While sitting in a cell on Riker's Island, facing charges that he assaulted a police officer, Ehud Halevy worried that he had unknowingly struck one of the cops who arrested him during a fracas at a Crown Heights youth center on Oct. 8.
"I was surprised there were so many charges," he said on Wednesday. '[The public defender] said I could get up to seven years."
After contemplating the incident, he told the lawyer "It's not true, it's a lie," and asked her to contact Rabbi Moshe Feiglin, director of the Aliya Center for at-risk youth, where the incident took place and see if the incident was captured by a surveillance camera.
Two weeks later, all charges against Halevy have been dropped by the Brooklyn District Attorney, and he and his lawyers are awaiting the results of a police investigation of the incident while contemplating a civil suit.
The silent video, now widely posted on the Internet, captured two officers, Luis Vega and Yelena Bruzzese, repeatedly striking Halevy, using a baton and pepper spray, after he refused to leave the center, where he had permission to crash from Rabbi Feiglin. Vega is seen in the video assuming a boxing stance at the outset of the physical confrontation.

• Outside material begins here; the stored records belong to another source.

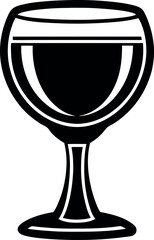 Wine Glass Black Silhouette | Vector for Bar, Party & Wine Enthusiast Vector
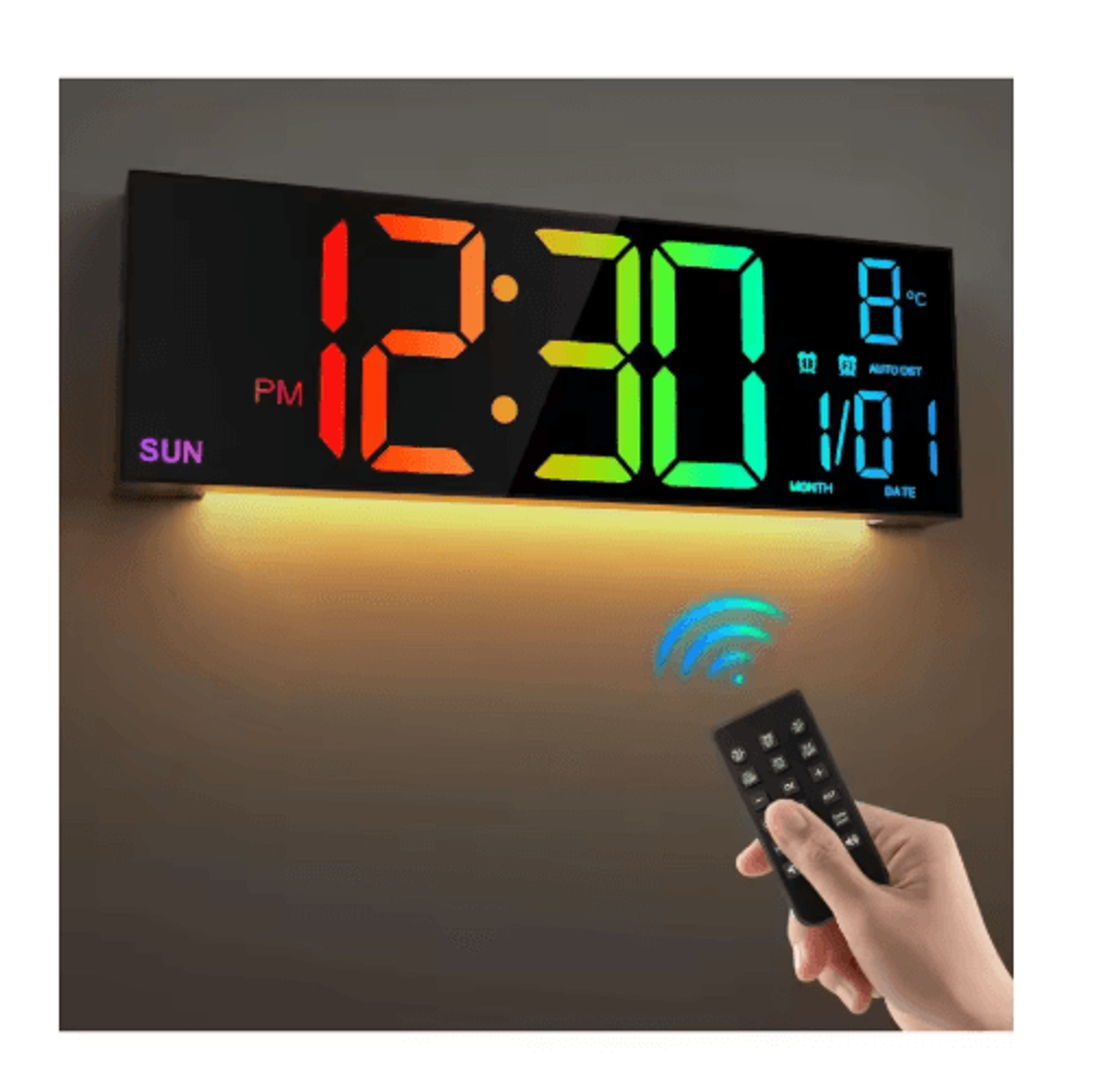 162Inch RGB Digital Wall Clock  Large LED Display With Dual Alarms  Remote 0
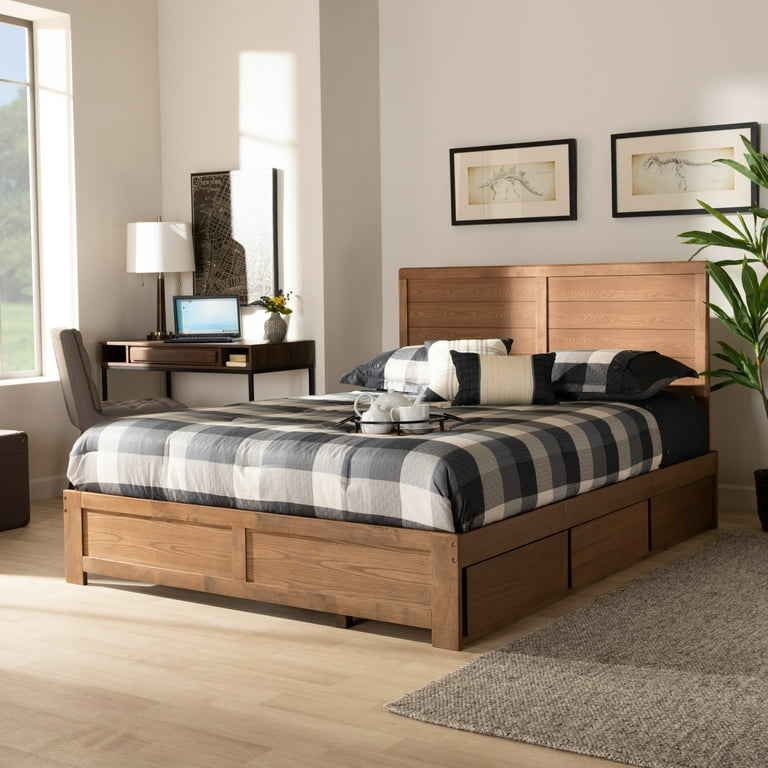 Baxton Studio Lisa Modern and Contemporary Transitional Ash Walnut Brown Finished Wood Full Size 3-Drawer Platform Storage Bed Baxton Studio Lisa Modern and Contemporary Transitional Ash Walnut Brown Finished Wood Full Size 3-Drawer Platform Storage Bed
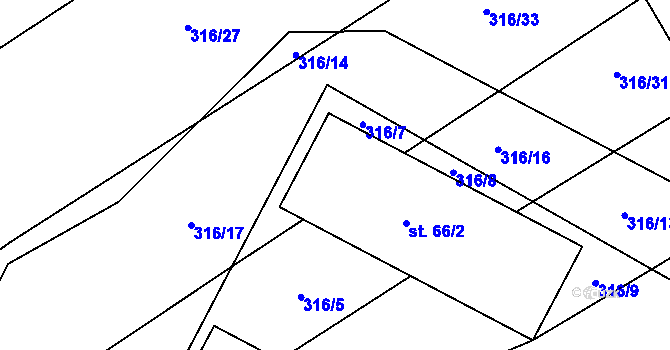 Parcela st. 66/1 v KÚ Kobylí Hlava, Katastrální mapa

While Halevy, who says he is 5"10 and weighs about 160 pounds, resisted being handcuffed, he is not seen hitting anyone. A prosecutor cited the video in asking a judge to drop the charges.
But Halevy, 21, said he is not angry about the incident.
"I have no anger in my consciousness; maybe in my sub-consciousness," said the soft-spoken ex-yeshiva boy, who left his Israeli immigrant parents' Flatbush home recently because of religious differences. He ended up at the center because he was familiar with it from his time at a yeshiva high school in Crown Heights.
Halevy said he now spends his time working on a software program that would translate many languages into a universal code based on symbols.
Speaking to two reporters at the Midtown offices of his lawyers, he recounted some details of the incident but declined to answer some questions at the behest of counsel.
Halevy was also charged with marijuana possession, but that charge was considered "fruit of a poisoned tree," said his lawyer, Norman Siegel. "He should have never been in the police station where they emptied his pockets."
Halevy said that when the cops first arrived he believed the matter would be quickly sorted out because the rabbi had allowed him to sleep on the couch at the center's lounge each night for a month prior. It's not clear why another person at the center, which is under Orthodox auspices, called the police on the morning of the holiday of Shemini Atzeret.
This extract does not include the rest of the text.